Exercise brief
Pull every line with "Used" from the data below and copy it.
##### Information provided #####
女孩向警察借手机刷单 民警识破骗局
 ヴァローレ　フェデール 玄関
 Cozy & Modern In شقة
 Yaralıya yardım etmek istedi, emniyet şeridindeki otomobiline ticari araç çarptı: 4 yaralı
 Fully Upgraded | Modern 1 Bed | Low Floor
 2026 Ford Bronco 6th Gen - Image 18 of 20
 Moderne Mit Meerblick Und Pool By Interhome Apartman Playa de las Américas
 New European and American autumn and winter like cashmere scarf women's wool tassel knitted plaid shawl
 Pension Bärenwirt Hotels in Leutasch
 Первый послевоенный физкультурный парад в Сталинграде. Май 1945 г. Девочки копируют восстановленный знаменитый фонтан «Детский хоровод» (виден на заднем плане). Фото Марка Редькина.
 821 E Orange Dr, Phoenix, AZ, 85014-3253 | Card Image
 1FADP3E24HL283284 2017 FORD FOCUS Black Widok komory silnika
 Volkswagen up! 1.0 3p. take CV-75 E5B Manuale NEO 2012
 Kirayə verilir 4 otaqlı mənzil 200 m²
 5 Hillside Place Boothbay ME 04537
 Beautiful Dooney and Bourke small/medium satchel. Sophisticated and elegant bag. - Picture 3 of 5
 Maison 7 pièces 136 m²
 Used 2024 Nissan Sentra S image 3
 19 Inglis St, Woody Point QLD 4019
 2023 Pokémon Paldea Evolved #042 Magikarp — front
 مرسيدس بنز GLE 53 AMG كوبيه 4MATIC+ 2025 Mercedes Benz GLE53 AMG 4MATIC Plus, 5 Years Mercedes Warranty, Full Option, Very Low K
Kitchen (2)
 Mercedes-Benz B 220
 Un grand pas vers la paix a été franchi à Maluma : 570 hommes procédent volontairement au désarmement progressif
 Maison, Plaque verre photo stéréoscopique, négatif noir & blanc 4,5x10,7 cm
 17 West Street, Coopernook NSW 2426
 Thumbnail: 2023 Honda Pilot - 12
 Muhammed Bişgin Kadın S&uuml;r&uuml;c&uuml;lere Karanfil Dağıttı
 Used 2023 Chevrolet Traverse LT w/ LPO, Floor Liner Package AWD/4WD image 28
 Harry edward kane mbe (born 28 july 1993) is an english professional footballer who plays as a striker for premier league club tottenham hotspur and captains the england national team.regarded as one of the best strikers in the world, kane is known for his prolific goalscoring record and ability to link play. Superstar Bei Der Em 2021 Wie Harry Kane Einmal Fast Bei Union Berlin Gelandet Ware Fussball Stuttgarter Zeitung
#####
Written answer
 Used 2024 Nissan Sentra S image 3
 Used 2023 Chevrolet Traverse LT w/ LPO, Floor Liner Package AWD/4WD image 28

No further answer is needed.